Resolving a sync conflict
A sync conflict sounds alarming the first time you see one, but it is actually the safety feature doing its job. It means a single post changed in two places since the last sync — you edited it locally and it changed in Ghost — and Specter has noticed that blindly syncing would have to throw one of those versions away. Rather than guess, it stops and asks you. This guide explains what triggers a conflict and how to resolve one without losing work.
What a conflict actually is
Specter does two-way sync: edits you make to local markdown push up to Ghost, and edits made in Ghost pull down to your files. To do that safely it keeps track of when each post last changed on each side. Most of the time only one side has moved — you edited the file, or someone edited the post in the Ghost editor — and Specter simply carries that change across. A conflict is the case where both sides moved since they were last in agreement. Now there are two competing versions of the same post, and there is no way to keep both as a single post without a decision.
This is exactly the situation where a naive sync tool quietly loses your work. “Last write wins” is how an afternoon of local editing disappears because a background pull overwrote it, or how a colleague’s fix in Ghost gets stomped by your older local copy. Specter refuses to make that call for you. Instead of silently overwriting either side, it surfaces the conflict and hands you the decision.
The prompt and your three choices
When Specter detects a conflict, it tells you which post is affected and offers three ways to resolve it:
Keep local takes the version on your disk as the winner and pushes it up to Ghost, replacing the remote copy.
Keep remote takes the version in Ghost as the winner and pulls it down, replacing your local file.
Skip leaves both versions exactly as they are and does nothing for now, so you can go look at the two copies before deciding.
The right choice depends entirely on which edit you want to keep, which is why Specter asks rather than assumes. If you are not sure, skip is the safe answer: nothing is overwritten, and you can open the local file and the Ghost post side by side, see what differs, and resolve it on the next sync once you know which one you want.

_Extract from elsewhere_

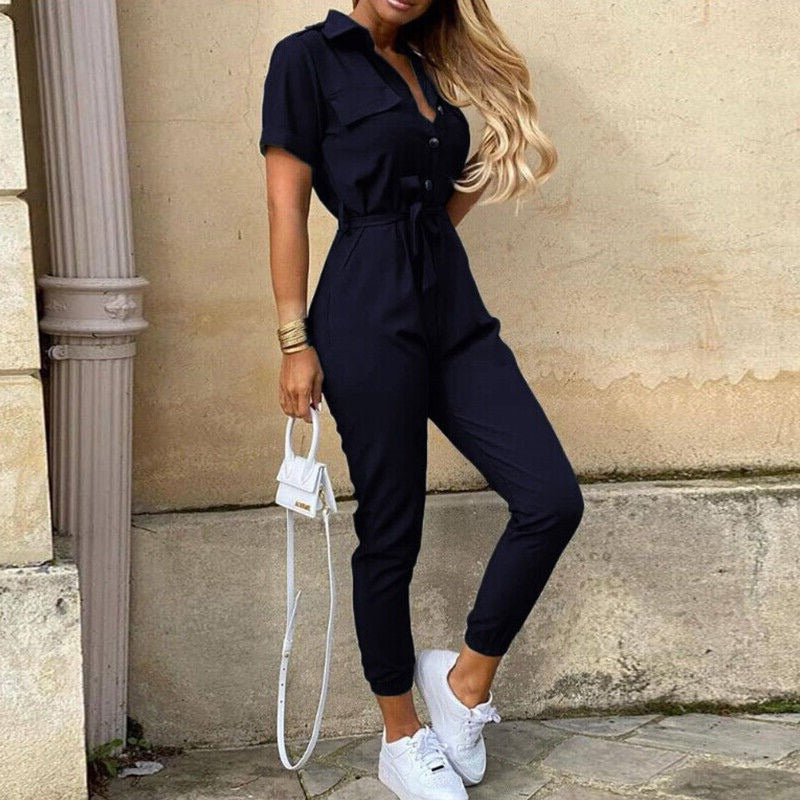 Women’s Belted Short Sleeve Jumpsuit with Button-Down Front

A practical tip for when you genuinely want to merge both sets of changes rather than discard either: keep the remote version, let it pull down to your file, then re-apply your local edits on top of the now-current post and sync again. That way you start from whichever copy is freshest and add the rest by hand, instead of forcing the tool to pick.

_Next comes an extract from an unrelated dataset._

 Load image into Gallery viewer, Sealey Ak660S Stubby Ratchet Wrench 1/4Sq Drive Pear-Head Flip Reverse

Avoiding conflicts in the first place
Conflicts are normal and harmless when they happen occasionally, but you can keep them rare. The simplest habit is to not edit the same post in the Ghost web editor and locally at the same time — pick one place to be the source of truth for a given post while you are working on it. Before a big local pass, such as an AI edit across many posts or a bulk SEO update, it helps to sync first so both sides start in agreement, then do your work locally, then sync back.
It is also worth leaning on the dry-run preview before a large sync: it shows you exactly which posts would be created, updated, or flagged as conflicts before anything is written, so you see any conflicts coming as a list rather than one prompt at a time. And if you keep the synced folder under git, as described in version control for your Ghost posts, you always have an earlier snapshot to fall back on no matter which way you resolve. The whole design here points one direction: your edits are never one click away from being lost.